NEW YORK (CNN/Money) -
Employers slashed nearly 100,000 jobs in August, the government said Friday, defying private economists' forecasts for an increase and highlighting fears that the labor market could be slow to catch up to stronger growth in the rest of the economy.
Payrolls shrank by 93,000 jobs outside the farm sector, the Labor Department said, after falling a revised 49,000 jobs in July. Economists had expected payrolls to grow, according to a Reuters poll. The number of jobs lost was the biggest since 151,000 in March.
"The report was surprisingly weak and highlights the reality that, until forced to do so by ever-increasing demand, firms will not commit to new workers," said Joel Naroff, president and chief economist of Naroff Economic Advisors in Holland, Pa.
The unemployment rate edged down to 6.1 percent from 6.2 percent in July, the government said. The two numbers sometimes move in opposite directions because they are generated by separate surveys.
But the unemployment rate fell last month mostly because the size of the labor force -- the number of working-age people working or looking for work -- shrank by 10,000, following a loss of 556,000 in July.
About 8.9 million people were counted as unemployed in August, compared with 9 million in July. About 1.9 million have been out of work 27 weeks or more.
In its report, the department said the blackout in the Northeast United States, which occurred during the department's survey week, probably had little impact on the data.
On Wall Street, stocks sank after the report while Treasury bond prices rose.
Political heat grows
The report is likely to add to the political heat on President Bush, who is faced with the dismal prospect of running for re-election in 2004 as the first president since Herbert Hoover to have a net number of jobs lost during his four-year term.

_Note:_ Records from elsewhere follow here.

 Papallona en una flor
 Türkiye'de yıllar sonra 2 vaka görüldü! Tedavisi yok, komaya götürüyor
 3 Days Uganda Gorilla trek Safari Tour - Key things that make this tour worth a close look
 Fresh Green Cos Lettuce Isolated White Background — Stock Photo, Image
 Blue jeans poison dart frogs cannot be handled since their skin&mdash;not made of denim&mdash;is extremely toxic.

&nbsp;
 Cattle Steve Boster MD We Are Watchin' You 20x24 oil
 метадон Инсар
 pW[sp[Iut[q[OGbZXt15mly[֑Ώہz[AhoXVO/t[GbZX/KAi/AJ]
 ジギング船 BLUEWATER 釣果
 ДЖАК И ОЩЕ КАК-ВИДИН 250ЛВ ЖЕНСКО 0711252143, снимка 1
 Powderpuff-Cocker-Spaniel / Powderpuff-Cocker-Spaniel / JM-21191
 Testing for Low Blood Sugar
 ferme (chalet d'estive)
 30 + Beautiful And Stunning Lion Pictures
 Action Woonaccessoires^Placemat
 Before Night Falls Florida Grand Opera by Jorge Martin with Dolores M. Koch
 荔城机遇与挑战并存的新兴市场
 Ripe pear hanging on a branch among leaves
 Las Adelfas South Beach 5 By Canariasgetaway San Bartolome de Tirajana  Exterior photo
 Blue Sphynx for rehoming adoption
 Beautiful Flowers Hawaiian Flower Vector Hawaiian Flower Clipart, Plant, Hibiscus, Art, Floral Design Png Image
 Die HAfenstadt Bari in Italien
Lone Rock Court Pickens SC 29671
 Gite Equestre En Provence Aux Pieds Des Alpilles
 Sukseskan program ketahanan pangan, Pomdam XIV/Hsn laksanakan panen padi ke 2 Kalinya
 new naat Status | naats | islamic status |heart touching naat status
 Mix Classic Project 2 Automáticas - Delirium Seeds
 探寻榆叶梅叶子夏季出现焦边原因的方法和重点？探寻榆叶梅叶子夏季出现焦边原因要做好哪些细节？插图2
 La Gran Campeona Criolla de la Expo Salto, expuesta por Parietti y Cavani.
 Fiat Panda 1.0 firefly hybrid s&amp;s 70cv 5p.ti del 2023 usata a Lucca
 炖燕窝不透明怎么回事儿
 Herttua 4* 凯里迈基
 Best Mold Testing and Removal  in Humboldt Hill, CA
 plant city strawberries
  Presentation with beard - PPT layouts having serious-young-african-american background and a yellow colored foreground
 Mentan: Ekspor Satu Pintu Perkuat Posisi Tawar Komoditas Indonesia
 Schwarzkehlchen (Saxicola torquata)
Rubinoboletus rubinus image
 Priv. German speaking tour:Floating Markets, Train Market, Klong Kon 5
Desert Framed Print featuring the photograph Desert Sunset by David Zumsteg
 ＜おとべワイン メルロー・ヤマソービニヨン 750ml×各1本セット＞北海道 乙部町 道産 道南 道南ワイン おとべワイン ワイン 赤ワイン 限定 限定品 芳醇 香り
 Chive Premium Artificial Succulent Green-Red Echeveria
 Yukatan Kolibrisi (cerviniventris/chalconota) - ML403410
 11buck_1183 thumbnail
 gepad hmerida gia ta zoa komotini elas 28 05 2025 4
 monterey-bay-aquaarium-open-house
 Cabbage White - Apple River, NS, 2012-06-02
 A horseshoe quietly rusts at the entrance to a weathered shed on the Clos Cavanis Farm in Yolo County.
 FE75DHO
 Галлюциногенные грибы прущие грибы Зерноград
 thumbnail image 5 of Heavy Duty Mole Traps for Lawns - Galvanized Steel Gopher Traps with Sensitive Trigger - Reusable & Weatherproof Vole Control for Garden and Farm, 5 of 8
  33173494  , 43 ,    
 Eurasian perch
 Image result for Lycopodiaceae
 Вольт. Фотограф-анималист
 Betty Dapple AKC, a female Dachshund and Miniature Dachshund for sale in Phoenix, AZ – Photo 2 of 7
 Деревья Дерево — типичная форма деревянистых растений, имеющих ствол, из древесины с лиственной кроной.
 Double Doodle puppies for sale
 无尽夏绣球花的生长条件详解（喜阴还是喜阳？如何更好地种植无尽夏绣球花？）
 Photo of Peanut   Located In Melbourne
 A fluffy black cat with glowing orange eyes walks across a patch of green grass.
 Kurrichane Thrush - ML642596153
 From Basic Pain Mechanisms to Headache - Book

"At this rate, there will be only one job left to cut by November 2004: George Bush's," said Sen. Joseph Lieberman (D-Conn.), one of nine Democratic candidates vying for their party's nomination to challenge Bush in 2004.
Bush pushed for -- and won -- tax cuts earlier this year that his Council of Economic Advisers predicted would create 5.5 million jobs between July 2003 and the end of 2004, with most of that job creation coming at the front end. So far, the administration's predictions have missed the mark.
"We've cut a $3 trillion hole in the budget for the next three years for tax cuts he said were going to create 344,000 jobs each month starting in August, and things are going in the opposite direction," said Lawrence Mishel, president of the Economic Policy Institute, a liberal think tank in Washington that launched a Web site Friday to tally job growth.
Still, the administration expressed optimism. Secretary of Labor Elaine Chao told CNNfn she was pleased the unemployment rate fell and pointed to job growth in some industries. And White House economic adviser Gregory Mankiw told Reuters the job market was due for a turnaround, but it would take time.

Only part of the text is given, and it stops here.